The growth of theological reflection in the Southern Regions has led to the widely shared awareness that theology is always contextual. It is contextual because it is shaped by the Christian practices, cultural patterns, and social contexts in which it is developed. Indeed, it should be contextual, because we are called to discern how God relates to these different environments, how the message of Jesus is Good News in relation to various contextual challenges, and because we need to discern how the Spirit of Christ is working in both old and new ways.

Through new theological voices from the Majority World, it has become clearer than before that Western theologies are equally contextual: they have strongly focussed on challenges raised by Western modernity and more recently postmodernity. While these responses have sometimes been creative and constructive, at other times they have been fatally compromised. The emancipation of fresh theological voices allows for new opportunities to grow towards a ‘new catholicity’ in which different voices within the worldwide church help each of us to be faithful to our Christian callings and yet creatively and critically relevant in the particular contexts to which we are called.

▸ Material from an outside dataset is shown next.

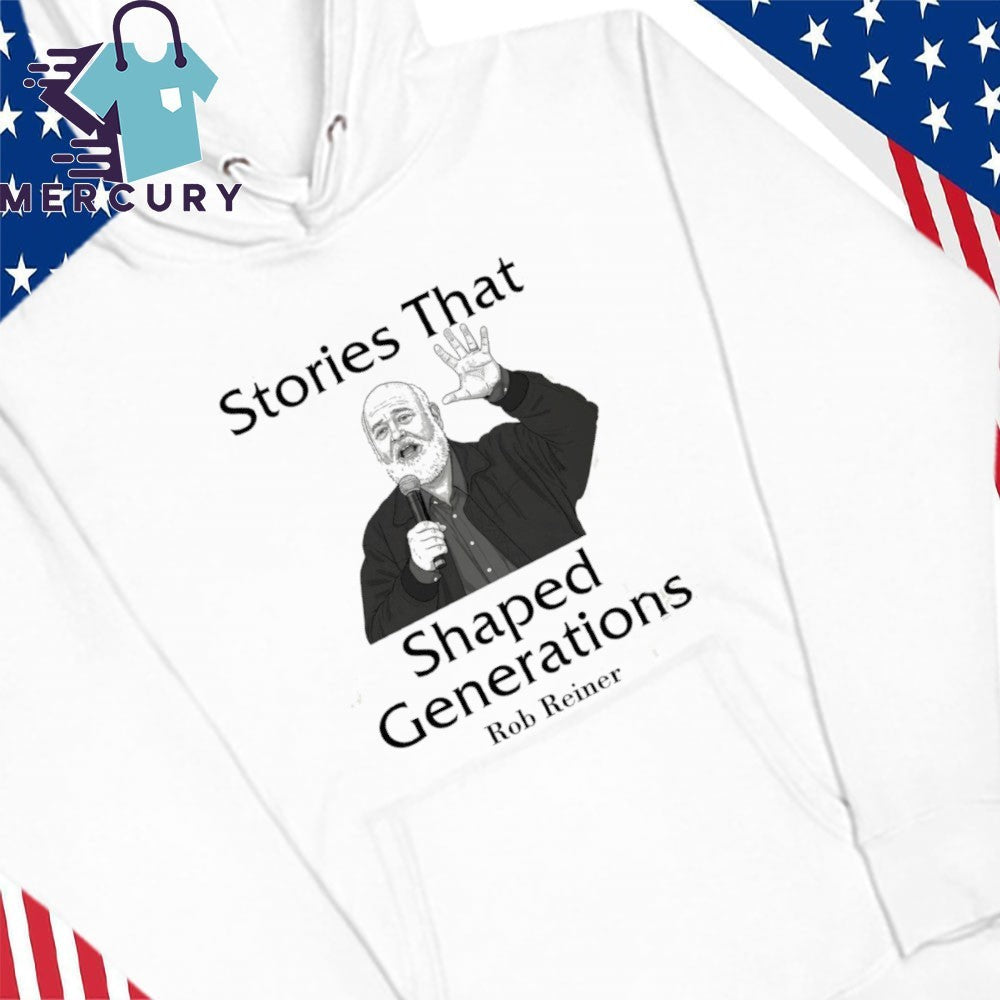 Stories That Shaped Generations Rob Reiner Tribute Shirt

There is growing awareness that the point of gravity of Christianity is moving to the majority world and that all Christian theology is contextually embedded. Yet, these insights are only gradually influencing the way we study theology and shape Christian practices and mission. Theological education and research is still largely shaped by western voices and western methods, not only in the North Atlantic world, but also in Africa and other southern continents. Theological voices from the South are often relegated to special courses in ‘contextual theology’, ‘intercultural theology’, or ‘African theology’ as if Western theology is contextless, and as if the way in which the Western context has shaped the dominant voices in theology is unproblematic. This is partly because understandings of what constitutes academic exegesis, proper systematic reflection, and appropriate practical theological research are still dominated by Western models. Another major limiting factor is that theological voices from the South are often still hard to find and access. Library catalogues, theological encyclopaedias, and online search tools are often dominated by western perspectives, and their contents selected according to Western academic criteria - even when voices from the South are included.

It is our vision that this website will make theological sources from the Global South more easily accessible by providing online bibliographies, bibliographical encyclopaedia articles, an Internet portal, and additional supporting materials. We start this larger vision by developing this bi-lingual website (French and English) that focusses on resources from sub-Saharan Africa, but it is our vision that in due time, and by working with the appropriate partners, the website will also cover other regions in the Global South.